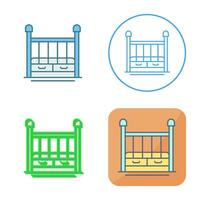 Baby Crib Vector Icon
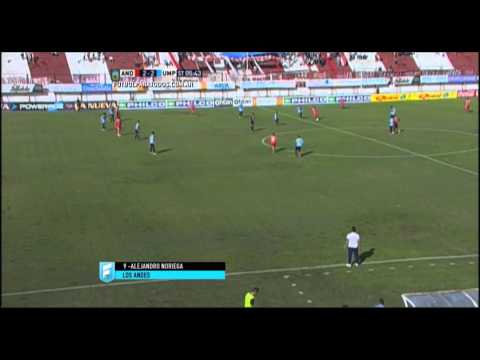 Gol de Noriega. Los Andes 2 - Unión 2. Fecha 13. Primera B Nacional 2015. FPT.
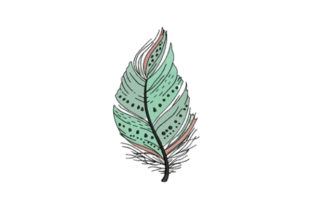 Teal Feather Embroidery for Boho Crafters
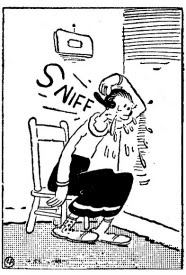 Better switch to 'No More Tears' shampoo, Olive. Popeye by E. C. Segar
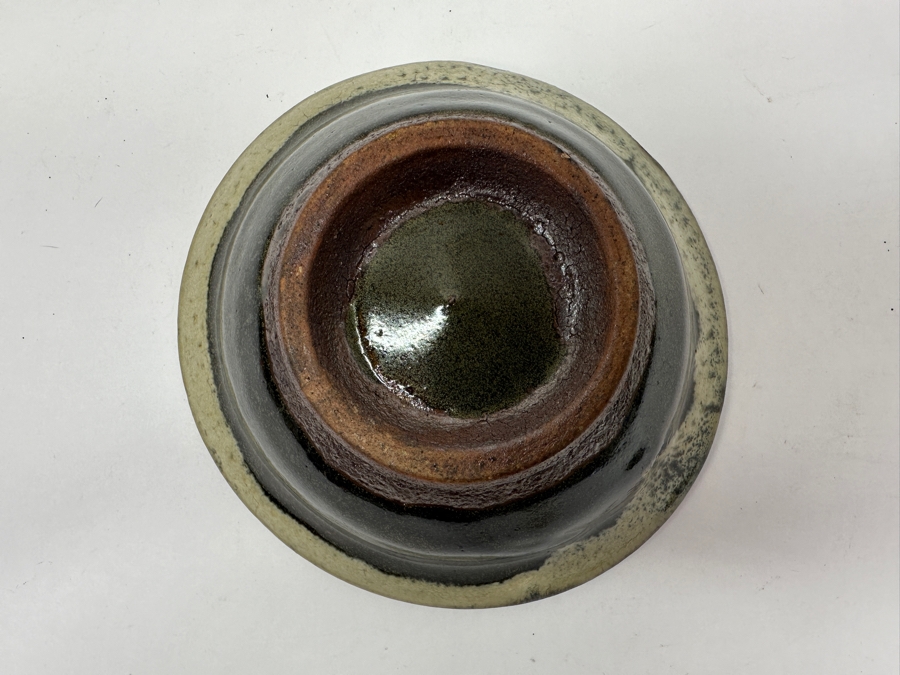 Just Added - Vintage Japanese Mingei Folk Art Pottery Tea Bowl Chawan - Potter Unknown 5.75'W X 2.25'H [Photo 5]
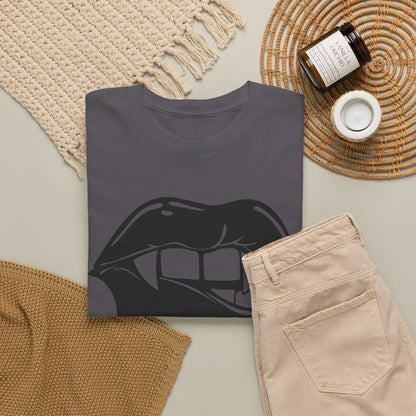 Edgy Graphic Tee - Dripping Lips Design - Unisex Heavy Cotton Tee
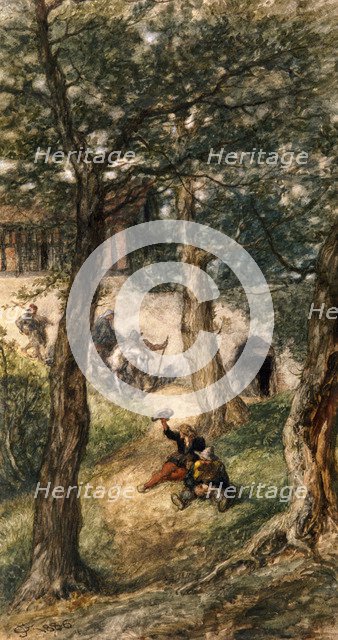 'Under the greenwood tree', 1886. Artist: Sir John Gilbert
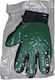 Viosarp Dog Glove for Hair Removal Green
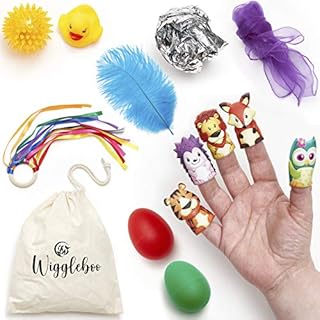 Baby Sensory Toys for Newborn Infant to 1 Year Old - Sensory Box for 6 to 12 Months Boy or Girl - Brain Developmental Activity Kit for Busy Learning Babies - Flashing Balls, Crinkle Blanket and More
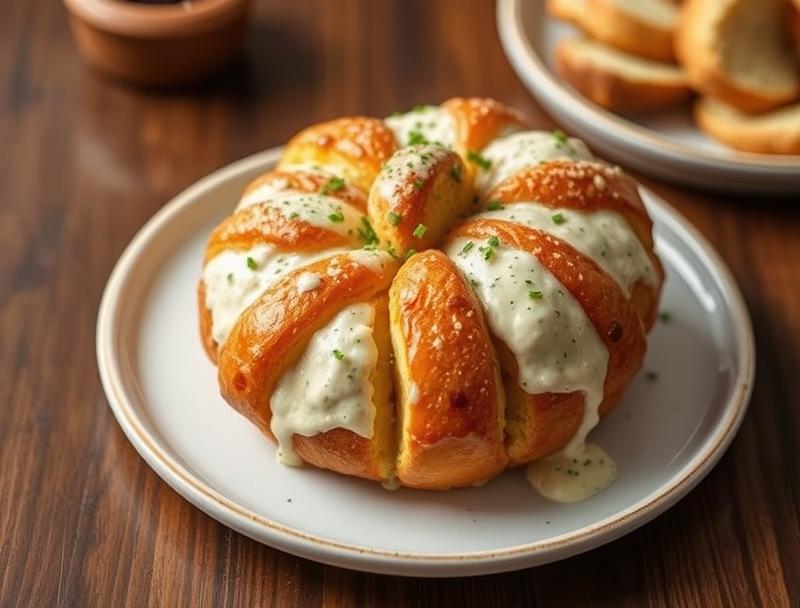 Creamy Chicken Rich Monkey Cheesy Bread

━━━━━━

= WHAT YOU ARE ASKED TO DO =
Copy the listing word for word, excluding its pictures.

= RESPONSE =
 Baby Crib Vector Icon
 Gol de Noriega. Los Andes 2 - Unión 2. Fecha 13. Primera B Nacional 2015. FPT.
 Teal Feather Embroidery for Boho Crafters
 Better switch to 'No More Tears' shampoo, Olive. Popeye by E. C. Segar
 Just Added - Vintage Japanese Mingei Folk Art Pottery Tea Bowl Chawan - Potter Unknown 5.75'W X 2.25'H [Photo 5]
 Edgy Graphic Tee - Dripping Lips Design - Unisex Heavy Cotton Tee
 'Under the greenwood tree', 1886. Artist: Sir John Gilbert
 Viosarp Dog Glove for Hair Removal Green
 Baby Sensory Toys for Newborn Infant to 1 Year Old - Sensory Box for 6 to 12 Months Boy or Girl - Brain Developmental Activity Kit for Busy Learning Babies - Flashing Balls, Crinkle Blanket and More
 Creamy Chicken Rich Monkey Cheesy Bread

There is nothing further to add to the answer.